Artigo da principal dinamizadora das Comemorações "8 Séculos de Língua Portuguesa", onde sublinha o que, de facto, se celebrou no dia 27 de junho de 2014 como tem sido repetidamente referido, aqui, no Ciberdúvidas.
As línguas não surgem do nada, num determinado dia e numa hora específica. Obedecem a um continuum temporal, fruto de múltiplas transformações sociais, políticas, económicas, individuais... Sendo um organismo vivo, ela é dinâmica e moldada pelos seus falantes desde a sua génese – momento que é impossível determinar – passando por um longo período de evolução, num processo lento, moroso e complexo, até à sua fixação, continuando sempre a evoluir.
A língua portuguesa não fez 800 anos, em 27 de junho de 2014! Afirmá-lo, é trair o rigor científico.
Nesse dia, foi o Testamento de D. Afonso II que fez 800 anos.
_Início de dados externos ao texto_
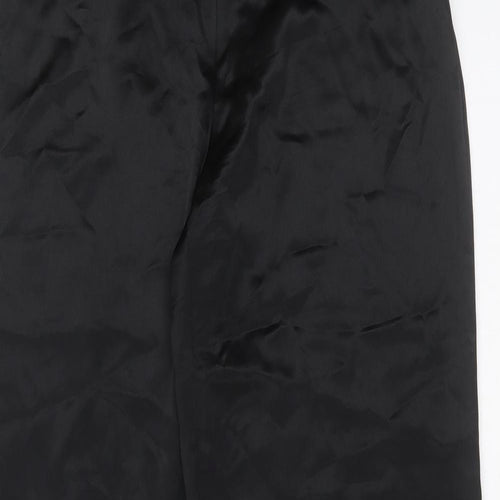 NEXT Womens Black  Acetate Trousers  Size 14 L34 in Regular Zip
É o ponto de referência mais importante para a Língua Portuguesa enquanto língua escrita, embora não seja o mais antigo.
A língua portuguesa, enquanto língua oral, resulta de uma longa transformação a partir de um conjunto de dialectos (galego-portugueses) do noroeste da Península Ibérica. É, segundo Ivo Castro, um natural processo que se foi autonomizando a partir dos sécs. VI-VII, quando, na antiga província Gallaecia et Asturica, se começam a manifestar alguns fenómenos de mudanças fonéticas que vão descendo para sul e afetando o léxico e consistentemente fixando o que viria a constituir o Português atual. [Cf. Castro, I. (2006). Introdução à História do Português, 2.ª ed. ver. e aum., Lisboa: Ed. Colibri].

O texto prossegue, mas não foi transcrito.